If you switch to a vertex container selector that has implicit vertex index (like vecS):

Live On Coliru

#include <boost/graph/adjacency_list.hpp>

namespace MyLib {
    template <typename VertexProperties, typename EdgeProperties>
    using Graph = boost::adjacency_list<boost::setS, boost::vecS, boost::bidirectionalS, VertexProperties, EdgeProperties>;
}

#include <boost/graph/dijkstra_shortest_paths.hpp>
#include <iostream>

struct VertexProperties { int i; };
struct EdgeProperties { double weight; };

int main() {
    using boost::make_iterator_range;
    using MyGraph = MyLib::Graph<VertexProperties, EdgeProperties>;

    MyGraph g;

    add_vertex({23}, g);
    add_vertex({67}, g);

    add_edge(0, 1, EdgeProperties{ 1.0 }, g);
    add_edge(1, 0, EdgeProperties{ 0.0 }, g);

    for (auto v : make_iterator_range(vertices(g))) {
        std::cout << "Vertex " << g[v].i << "\n";
    }

    for (auto e : make_iterator_range(boost::edges(g))) {
        auto s = source(e, g);
        auto t = target(e, g);

        std::cout << "Edge " << g[s].i << " -> " << g[t].i << " (weight = " << g[e].weight << ")\n";
    }

    // let's find a shortest path:
    std::vector<size_t> predecessors(num_vertices(g));
    std::vector<double> distance(num_vertices(g));

    boost::dijkstra_shortest_paths(g, *vertices(g).first,
            boost::predecessor_map(predecessors.data()).distance_map(distance.data())
            .weight_map(get(&EdgeProperties::weight, g)));
}

Output:

Vertex 23
Vertex 67
Edge 23 -> 67 (weight = 1)
Edge 67 -> 23 (weight = 0)

WAIT - Don't Forget About The Question!

I won't! I think the above shows the problem was an X/Y problem.
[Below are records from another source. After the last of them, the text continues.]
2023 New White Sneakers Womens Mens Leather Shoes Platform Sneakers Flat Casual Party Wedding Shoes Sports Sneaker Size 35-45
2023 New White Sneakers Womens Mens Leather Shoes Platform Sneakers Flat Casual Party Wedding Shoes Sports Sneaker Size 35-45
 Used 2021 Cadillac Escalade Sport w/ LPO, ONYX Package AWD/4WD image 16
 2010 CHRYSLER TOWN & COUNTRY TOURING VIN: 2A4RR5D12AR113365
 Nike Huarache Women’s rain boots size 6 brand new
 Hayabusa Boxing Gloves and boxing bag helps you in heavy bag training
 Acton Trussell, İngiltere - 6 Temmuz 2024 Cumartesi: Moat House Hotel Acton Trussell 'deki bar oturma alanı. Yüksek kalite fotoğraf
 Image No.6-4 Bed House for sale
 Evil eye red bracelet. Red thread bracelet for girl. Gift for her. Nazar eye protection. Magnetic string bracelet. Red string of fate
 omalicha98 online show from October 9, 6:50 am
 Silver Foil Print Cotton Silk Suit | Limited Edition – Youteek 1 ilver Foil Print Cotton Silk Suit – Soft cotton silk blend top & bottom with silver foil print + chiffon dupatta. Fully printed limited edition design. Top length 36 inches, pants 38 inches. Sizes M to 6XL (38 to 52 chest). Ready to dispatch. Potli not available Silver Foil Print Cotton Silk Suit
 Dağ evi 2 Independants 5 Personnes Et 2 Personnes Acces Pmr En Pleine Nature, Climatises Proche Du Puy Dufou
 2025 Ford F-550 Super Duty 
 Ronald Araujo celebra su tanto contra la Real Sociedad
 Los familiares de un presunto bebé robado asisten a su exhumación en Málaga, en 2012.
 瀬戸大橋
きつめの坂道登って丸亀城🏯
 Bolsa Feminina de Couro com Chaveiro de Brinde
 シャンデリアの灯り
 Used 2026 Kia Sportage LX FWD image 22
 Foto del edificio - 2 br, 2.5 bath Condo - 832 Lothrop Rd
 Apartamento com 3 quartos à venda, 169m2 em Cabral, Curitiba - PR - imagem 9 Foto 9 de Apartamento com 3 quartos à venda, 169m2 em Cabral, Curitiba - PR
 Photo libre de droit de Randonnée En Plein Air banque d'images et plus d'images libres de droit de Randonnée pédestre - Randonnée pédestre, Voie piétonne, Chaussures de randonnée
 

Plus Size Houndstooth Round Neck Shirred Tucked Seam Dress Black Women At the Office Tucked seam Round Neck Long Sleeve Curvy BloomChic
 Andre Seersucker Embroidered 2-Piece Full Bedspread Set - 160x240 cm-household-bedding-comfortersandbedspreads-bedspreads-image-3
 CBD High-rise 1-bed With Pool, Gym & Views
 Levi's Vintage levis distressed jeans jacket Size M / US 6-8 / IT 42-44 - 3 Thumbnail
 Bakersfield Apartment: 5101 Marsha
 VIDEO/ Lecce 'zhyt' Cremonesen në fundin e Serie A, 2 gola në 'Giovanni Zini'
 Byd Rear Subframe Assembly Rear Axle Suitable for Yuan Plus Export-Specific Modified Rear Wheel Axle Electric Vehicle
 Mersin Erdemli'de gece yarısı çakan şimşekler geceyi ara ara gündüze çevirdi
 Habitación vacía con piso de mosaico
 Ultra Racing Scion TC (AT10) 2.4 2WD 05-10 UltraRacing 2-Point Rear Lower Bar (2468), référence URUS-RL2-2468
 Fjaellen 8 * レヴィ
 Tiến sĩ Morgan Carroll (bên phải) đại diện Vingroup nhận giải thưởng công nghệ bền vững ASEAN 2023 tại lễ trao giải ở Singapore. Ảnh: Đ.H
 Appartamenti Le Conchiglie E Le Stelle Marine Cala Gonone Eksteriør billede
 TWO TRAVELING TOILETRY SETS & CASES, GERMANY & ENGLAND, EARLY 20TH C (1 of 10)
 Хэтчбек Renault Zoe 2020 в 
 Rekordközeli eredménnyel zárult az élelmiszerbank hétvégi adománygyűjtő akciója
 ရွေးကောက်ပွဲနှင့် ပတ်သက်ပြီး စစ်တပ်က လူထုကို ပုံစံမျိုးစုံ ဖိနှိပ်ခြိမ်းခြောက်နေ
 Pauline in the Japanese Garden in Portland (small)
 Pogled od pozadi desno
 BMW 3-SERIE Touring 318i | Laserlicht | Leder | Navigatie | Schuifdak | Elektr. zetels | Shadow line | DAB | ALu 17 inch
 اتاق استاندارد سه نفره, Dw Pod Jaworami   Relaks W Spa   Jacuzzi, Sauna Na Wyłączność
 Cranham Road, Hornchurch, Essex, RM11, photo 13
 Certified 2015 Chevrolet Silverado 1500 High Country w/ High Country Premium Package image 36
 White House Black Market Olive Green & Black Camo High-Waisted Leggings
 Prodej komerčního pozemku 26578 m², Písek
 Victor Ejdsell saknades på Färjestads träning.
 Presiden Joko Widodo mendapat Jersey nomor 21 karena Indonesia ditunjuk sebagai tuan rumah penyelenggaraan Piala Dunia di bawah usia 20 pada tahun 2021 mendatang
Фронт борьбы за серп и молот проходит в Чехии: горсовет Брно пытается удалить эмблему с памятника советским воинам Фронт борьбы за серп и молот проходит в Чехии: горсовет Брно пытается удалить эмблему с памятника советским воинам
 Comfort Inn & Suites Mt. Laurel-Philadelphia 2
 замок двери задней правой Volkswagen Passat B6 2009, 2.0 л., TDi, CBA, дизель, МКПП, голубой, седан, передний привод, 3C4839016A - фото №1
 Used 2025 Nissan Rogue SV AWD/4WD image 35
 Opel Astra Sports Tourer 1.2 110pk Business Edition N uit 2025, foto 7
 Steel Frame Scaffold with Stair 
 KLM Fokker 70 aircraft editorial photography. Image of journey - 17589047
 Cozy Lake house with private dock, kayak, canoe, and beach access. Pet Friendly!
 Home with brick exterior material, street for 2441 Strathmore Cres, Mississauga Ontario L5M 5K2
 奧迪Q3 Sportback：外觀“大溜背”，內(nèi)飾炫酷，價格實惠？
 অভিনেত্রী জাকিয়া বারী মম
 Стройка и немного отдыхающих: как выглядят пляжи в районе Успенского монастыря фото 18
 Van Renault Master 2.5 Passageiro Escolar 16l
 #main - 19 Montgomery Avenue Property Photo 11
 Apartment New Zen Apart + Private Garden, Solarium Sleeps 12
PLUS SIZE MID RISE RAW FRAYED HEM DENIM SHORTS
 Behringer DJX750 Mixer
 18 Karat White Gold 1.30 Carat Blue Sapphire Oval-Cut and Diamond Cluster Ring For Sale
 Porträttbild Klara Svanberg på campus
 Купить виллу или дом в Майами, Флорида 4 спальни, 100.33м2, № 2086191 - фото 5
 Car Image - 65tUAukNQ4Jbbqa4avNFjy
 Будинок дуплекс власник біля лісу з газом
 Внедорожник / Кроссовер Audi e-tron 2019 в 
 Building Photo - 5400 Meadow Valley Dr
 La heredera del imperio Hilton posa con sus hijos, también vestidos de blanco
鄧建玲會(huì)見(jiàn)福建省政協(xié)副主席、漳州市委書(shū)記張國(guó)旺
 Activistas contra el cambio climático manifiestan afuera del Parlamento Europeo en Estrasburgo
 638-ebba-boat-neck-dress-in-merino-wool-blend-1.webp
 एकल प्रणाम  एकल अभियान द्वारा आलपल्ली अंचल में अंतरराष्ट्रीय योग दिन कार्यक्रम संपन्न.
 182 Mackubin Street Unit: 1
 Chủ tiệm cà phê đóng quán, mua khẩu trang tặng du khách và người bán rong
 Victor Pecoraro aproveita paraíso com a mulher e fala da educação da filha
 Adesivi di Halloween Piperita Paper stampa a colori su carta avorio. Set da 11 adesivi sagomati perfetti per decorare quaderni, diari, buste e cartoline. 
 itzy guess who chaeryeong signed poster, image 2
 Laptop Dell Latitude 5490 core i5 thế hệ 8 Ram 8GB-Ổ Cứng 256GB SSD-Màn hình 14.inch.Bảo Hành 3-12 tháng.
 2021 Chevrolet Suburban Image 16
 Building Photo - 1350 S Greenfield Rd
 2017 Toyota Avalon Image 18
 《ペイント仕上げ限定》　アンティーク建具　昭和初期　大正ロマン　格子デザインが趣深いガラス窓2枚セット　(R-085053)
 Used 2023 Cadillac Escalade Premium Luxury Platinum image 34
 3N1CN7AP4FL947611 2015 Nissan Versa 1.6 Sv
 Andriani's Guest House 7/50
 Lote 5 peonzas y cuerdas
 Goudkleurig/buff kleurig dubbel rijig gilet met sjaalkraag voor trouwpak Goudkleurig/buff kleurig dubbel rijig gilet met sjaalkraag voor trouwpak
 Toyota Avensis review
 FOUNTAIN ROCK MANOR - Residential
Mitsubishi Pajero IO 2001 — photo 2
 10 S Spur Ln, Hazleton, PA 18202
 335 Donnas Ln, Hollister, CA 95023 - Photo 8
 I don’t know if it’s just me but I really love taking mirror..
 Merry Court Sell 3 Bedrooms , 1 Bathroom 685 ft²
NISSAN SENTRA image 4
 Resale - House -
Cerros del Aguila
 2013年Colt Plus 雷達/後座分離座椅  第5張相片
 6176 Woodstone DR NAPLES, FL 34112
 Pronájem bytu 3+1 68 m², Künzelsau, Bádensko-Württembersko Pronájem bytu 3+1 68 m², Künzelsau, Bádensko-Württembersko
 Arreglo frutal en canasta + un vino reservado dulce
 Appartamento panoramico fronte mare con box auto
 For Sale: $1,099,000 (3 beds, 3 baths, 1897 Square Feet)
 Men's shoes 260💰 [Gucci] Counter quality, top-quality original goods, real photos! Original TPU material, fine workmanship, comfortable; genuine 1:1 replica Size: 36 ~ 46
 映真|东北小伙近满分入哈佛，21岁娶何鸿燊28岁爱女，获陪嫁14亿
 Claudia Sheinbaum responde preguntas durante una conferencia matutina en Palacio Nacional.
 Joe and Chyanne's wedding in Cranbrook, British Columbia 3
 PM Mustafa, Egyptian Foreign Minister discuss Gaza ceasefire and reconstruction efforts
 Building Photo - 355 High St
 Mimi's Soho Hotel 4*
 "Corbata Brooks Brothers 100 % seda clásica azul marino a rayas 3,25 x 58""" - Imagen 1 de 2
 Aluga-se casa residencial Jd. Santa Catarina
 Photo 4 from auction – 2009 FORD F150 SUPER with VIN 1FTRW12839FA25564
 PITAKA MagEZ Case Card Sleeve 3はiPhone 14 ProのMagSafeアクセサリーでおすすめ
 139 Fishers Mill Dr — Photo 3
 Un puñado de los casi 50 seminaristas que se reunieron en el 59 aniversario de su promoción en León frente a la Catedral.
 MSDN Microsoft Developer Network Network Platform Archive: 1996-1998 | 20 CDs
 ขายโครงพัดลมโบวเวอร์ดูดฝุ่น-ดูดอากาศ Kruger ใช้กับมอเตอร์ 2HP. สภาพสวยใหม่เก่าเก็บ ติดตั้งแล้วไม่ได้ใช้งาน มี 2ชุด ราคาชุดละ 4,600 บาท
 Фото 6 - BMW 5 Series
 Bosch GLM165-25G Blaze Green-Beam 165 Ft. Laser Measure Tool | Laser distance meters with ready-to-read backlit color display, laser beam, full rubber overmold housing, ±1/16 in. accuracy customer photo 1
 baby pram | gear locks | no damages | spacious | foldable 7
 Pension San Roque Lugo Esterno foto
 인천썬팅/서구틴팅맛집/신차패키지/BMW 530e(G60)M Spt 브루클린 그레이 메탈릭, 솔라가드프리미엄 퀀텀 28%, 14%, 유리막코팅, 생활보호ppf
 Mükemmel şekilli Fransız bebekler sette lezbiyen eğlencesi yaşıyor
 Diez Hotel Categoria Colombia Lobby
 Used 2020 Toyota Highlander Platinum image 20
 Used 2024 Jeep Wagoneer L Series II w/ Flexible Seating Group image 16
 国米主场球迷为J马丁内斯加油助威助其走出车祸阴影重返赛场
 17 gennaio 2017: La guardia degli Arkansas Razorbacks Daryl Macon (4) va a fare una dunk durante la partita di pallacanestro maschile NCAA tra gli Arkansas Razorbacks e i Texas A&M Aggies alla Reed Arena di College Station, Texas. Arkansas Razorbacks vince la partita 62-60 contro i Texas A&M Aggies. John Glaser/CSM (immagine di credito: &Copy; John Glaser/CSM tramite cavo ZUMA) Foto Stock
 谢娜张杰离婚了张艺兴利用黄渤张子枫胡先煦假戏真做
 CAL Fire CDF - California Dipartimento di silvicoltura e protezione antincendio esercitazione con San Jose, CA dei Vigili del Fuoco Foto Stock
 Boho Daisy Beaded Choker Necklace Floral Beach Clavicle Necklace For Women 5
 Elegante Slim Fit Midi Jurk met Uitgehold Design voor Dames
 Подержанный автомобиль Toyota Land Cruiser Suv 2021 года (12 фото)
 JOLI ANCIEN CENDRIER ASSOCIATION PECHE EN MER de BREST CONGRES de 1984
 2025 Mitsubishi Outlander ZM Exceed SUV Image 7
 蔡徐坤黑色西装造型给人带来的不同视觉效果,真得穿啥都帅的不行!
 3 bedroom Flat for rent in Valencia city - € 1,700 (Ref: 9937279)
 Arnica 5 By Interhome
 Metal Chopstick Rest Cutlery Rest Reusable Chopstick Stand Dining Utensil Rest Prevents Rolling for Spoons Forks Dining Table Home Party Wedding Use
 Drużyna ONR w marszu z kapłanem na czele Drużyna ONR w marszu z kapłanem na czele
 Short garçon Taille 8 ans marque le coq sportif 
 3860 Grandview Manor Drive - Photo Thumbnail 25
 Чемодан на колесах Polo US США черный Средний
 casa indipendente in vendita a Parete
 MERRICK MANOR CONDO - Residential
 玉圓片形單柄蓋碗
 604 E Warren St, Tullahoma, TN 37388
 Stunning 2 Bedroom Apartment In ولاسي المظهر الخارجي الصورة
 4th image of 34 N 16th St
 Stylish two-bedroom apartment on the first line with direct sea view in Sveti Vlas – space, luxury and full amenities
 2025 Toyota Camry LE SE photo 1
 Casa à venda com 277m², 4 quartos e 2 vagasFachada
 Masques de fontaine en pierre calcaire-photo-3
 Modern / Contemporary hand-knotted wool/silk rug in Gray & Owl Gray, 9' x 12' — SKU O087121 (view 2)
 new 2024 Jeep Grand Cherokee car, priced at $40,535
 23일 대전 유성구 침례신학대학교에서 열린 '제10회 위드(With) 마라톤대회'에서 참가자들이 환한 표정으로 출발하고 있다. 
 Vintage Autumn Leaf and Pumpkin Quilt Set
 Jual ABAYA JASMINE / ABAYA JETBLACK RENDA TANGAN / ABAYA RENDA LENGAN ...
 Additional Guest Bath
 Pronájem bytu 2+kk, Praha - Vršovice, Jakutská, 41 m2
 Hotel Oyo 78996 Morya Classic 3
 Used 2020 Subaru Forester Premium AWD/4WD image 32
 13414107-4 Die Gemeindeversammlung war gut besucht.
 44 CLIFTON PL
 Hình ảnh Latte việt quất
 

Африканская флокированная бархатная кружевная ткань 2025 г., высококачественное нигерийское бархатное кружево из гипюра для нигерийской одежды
If you hadn't had the handicap of custom class wrapping, detecting duplicate edges was a given (see if add_vertex in BGL checks for the existence of the vertex for background):

struct { size_t from, to; double weight; } edge_data[] = {
    {0, 1, 1.0}, 
    {1, 0, 0.0}, 
    {0, 1, 99.999} // oops, a duplicate
};
for(auto request : edge_data) {
    auto addition = add_edge(request.from, request.to, { request.weight }, g);
    if (!addition.second) {
        auto& weight = g[addition.first].weight;
        std::cout << "Edge already existed, changing weight from " << weight << " to " << request.weight << "\n";
        weight = request.weight;
    }
}

This will print Live On Coliru:

Edge already existed, changing weight from 1 to 99.999

If you prefer you can of course write things more expressively:

Graph::edge_descriptor e;
bool inserted;
boost::tie(e, inserted) = add_edge(request.from, request.to, { request.weight }, g);

Or, with some c++17 flair:

auto [e, inserted] = add_edge(request.from, request.to, { request.weight }, g);

More From Here

Also, in all likelihood you need to do uniqueness checks on the vertices too, so you end up with graph creation code like you can see in this answer: Boost BGL BFS Find all unique paths from Source to Target

Graph read_graph() {
    std::istringstream iss(R"(
        0 1 0.001
        0 2 0.1
        0 3 0.001
        1 5 0.001
        2 3 0.001
        3 4 0.1
        1 482 0.1
        482 635 0.001
        4 705 0.1
        705 5 0.1
        1 1491 0.01
        1 1727 0.01
        1 1765 0.01)");

    Graph g;
    std::map<int,Vertex> idx; // temporary lookup of existing vertices

    auto vertex = [&](int id) mutable {
        auto it = idx.find(id);
        if (it != idx.end())
            return it->second;
        return idx.emplace(id, add_vertex(id, g)).first->second;
    };

    for (std::string line; getline(iss, line);) {
        std::istringstream ls(line);
        int s,t; double w;
        if (ls >> s >> t >> w) {
            add_edge(vertex(s), vertex(t), w, g);
        } else {
            std::cerr << "Skipped invalid line '" << line << "'\n";
        }
    }

    return g;
}

Other examples show how you can insert both a -> b and b -> a while maintaining a mapping between the forward and back edges: Accessing specific edges in boost::graph with integer index

Summary

Coming full circle, I recommend getting acquainted with the newer, more elegant Boost Graph features. In the end, it's perfectly normal to encapsulate your graph, and you might end up with an even more polished interface.